ASIDE: That statistic, bad as it is, doesn’t even tell the whole story. It just counts all those with some kind of insurance, neglecting the fact that nearly everyone is paying more for worse insurance.

In short, Obamacare is a complete failure. It is wrecking the economy, while utterly failing to do anything about the problem of the insured. More precisely, it’s a disaster, not a failure. Despite everything, it is succeeding in its real aim, which is to give the government more power.

BONUS: As a bonus, Glenn Reynolds digs this up, where Factcheck.org “fact-checked” Republican predictions that Obamacare would fail:

Independent, nonpartisan experts project only a “small” or “minimal” impact on jobs, even before taking likely job gains in the health care and insurance industries into account. . . One leading health care expert, John Sheils of The Lewin Group, puts the loss at between 150,000 and 300,000 jobs, at or near the minimum wage. And Sheils says that relatively small loss would be partly offset by gains in the health care industry.

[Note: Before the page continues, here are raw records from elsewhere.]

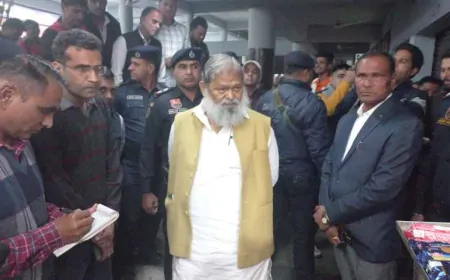 अचानक बस स्टैंड पहुंचे ‘गब्बर’ का एक्शन, रोडवेज प्रबंधक और ड्राइवर किए सस्पेंड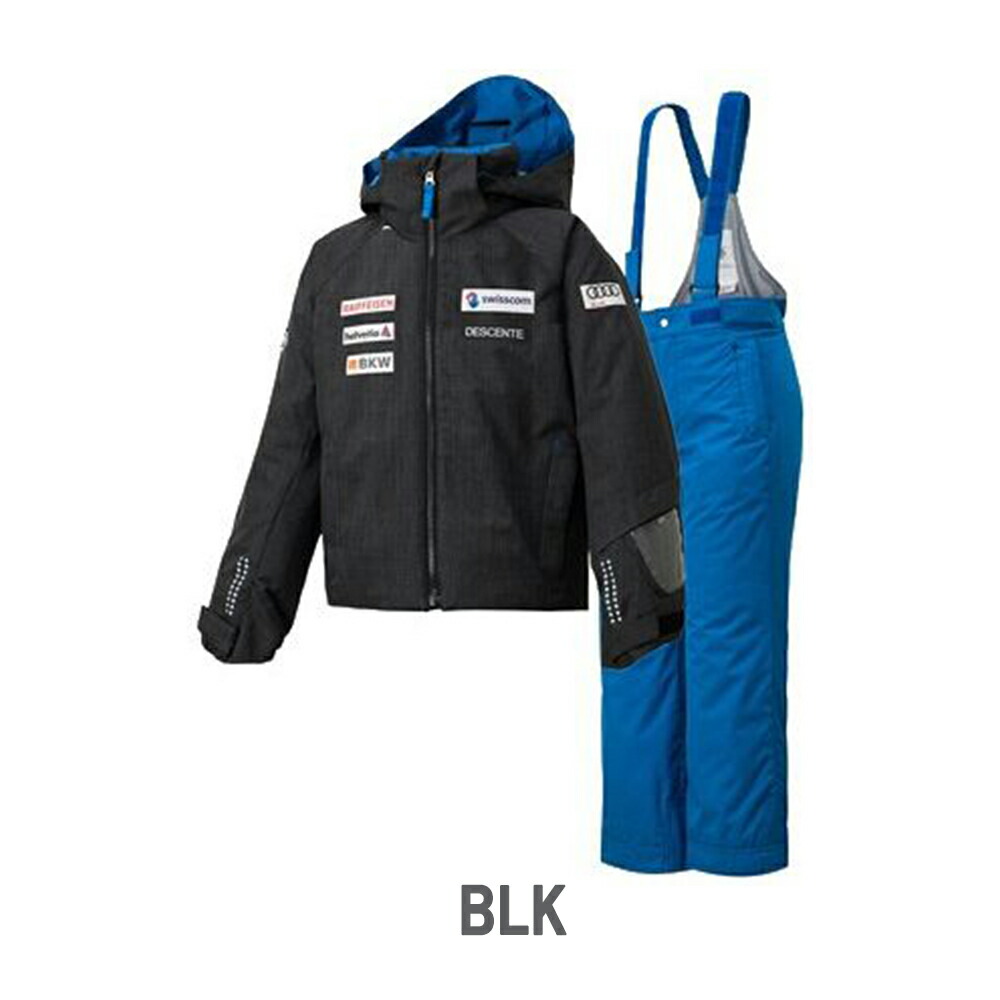 楽天市場】【再入荷】デサント ジュニア スキーウェア DESCENTE JUNIOR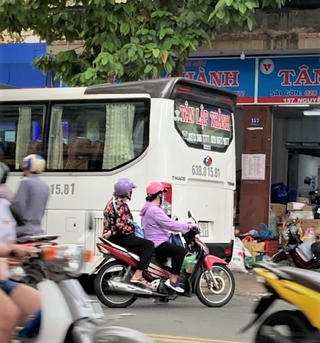TP HCM chỉ đạo lập Tổ chuyên đề xử lý 'xe dù'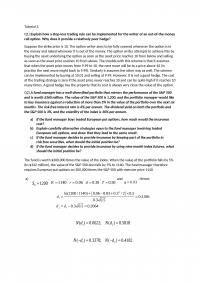 Derivatives
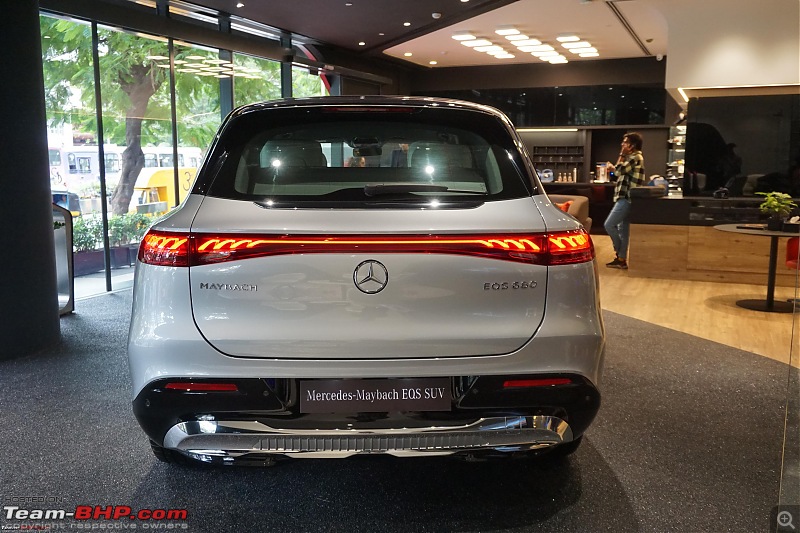 Mercedes-Maybach EQS SUV launched successful  India astatine  Rs 2.25 crore-maybacheqs2.jpg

Look, you can’t fact-check a prediction. It’s a prediction! And, as it turns out, all the predictions that they labeled misleading (as many as 1.6 million jobs lost) were much more rosy that what the CBO now says is actually happening (2.5 million jobs lost).

POSTSCRIPT: It’s worth noting that we’ve moved on from the side-show which was the Healthcare.gov debacle (although Healthcare.gov still doesn’t work!), and on to the first confirmation of real economic damage. Healthcare.gov was a surprise; we assumed that they would be able to build a web site. Stuff like this is what we were expecting. And worse to come.